関ヶ原合戦前、毛利輝元がこっそりと阿波に侵攻した不都合な真実
大河ドラマ「どうする家康」では、石田三成と徳川家康との対決姿勢が明確になったが、実は毛利輝元がこっそりと阿波に侵攻し、占拠した事実はあまり知られていない。その辺りを取り上げることにしよう。
慶長5年(1600)7月17日、三奉行(長束正家、前田玄以、増田長盛)は「内府ちかひの条々」を諸大名に発し、家康に宣戦布告した。その前日、三成らの不穏な動きを知った蜂須賀家政は、毛利家の家臣・堅田元慶に書状を送った(「毛利家文書」)。
輝元が三成らに加担しようとしていることを知った家政は、その軽率な行動を諫めたのである。最初、家政はこの件を噂話と思っていたが、安国寺恵瓊から情報を得て、輝元が加担したことに大変驚いたようである。

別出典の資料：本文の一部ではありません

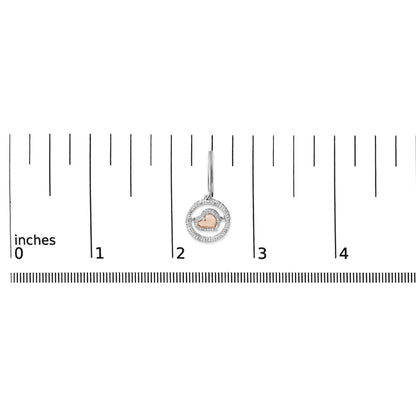 Earring with a rose heart shape surrounded by two concentric white metal circles set with round white gemstones, shown on a ruler scale from a front angle.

家政の諌言が通じなかったのは、輝元の大坂入城によって明らかである。その後、輝元は家政の領国の阿波に兵を送り込み、猪山城(=徳島城。徳島市)を占拠した。
7月29日、前田玄以、増田長盛、長束正家の3人と輝元が連署して、毛利氏の家臣・佐波広忠に判物を送った(『萩藩閥閲録』)。内容は、猪山城の山上山下、およびそのほかでも陣取りを禁止すること、もし乱暴狼藉を働く者がいれば速やかに成敗することである。
この判物には大老の輝元だけなく、前田玄以、増田長盛、長束正家の三奉行が判を加えているので、一連の猪山城の占拠は豊臣政権の意思と考えてよい。
輝元は東軍に属した家政を封じ込めるため、豊臣公儀の名のもと、猪山城の占拠を正当化したのである。それは、同時に輝元の領土拡大志向を示すものでもあった。
同日、輝元は配下の村上元吉・景親兄弟、佐波広忠の3人に対して、3ヵ条にわたる定(=掟)を授けた(『萩藩閥閲録』)。内容の1つ目は、村上景親、同元吉、佐波広忠の三人が阿波の支配を行うことである。
2つ目は、地下人(=阿波の郷村の人々)については、蜂須賀氏の家臣と相談して、措置を決めることである。3つ目は、狼藉の停止である。
一般的に、百姓などは新しい勢力が入部すると、抵抗することが珍しくなかった。したがって、彼らが抵抗する際は、阿波に残った蜂須賀氏の家臣に助力を求めるようにしたのだろう。
8月8日、輝元は村上景親、同元吉を呼び寄せたので、代わりに配下の椋梨景良、仁保民部少輔、三輪元徳を阿波に送り込んだ旨を佐波広忠に知らせた(『萩藩閥閲録』)。
書状には、「万端よく相談して、番などに緩みが出ないように」と書いている。阿波支配の中心人物は、佐波広忠だった。ちなみに村上元吉は伊予へ、村上景親は伊勢にそれぞれ出兵を命じられた。結局、毛利氏の阿波占拠は、関ヶ原合戦後も続いたのである。
結論を先取りするようだが、西軍の敗戦後の9月19日、毛利氏は和睦を結んで阿波を返還した。毛利方の軍勢は大坂へ引き上げ、その旨は家政に伝えられた。9月25日、猪山城は蜂須賀氏の家臣・益田彦四郎に引き渡され、毛利氏による阿波占拠は終わったのである。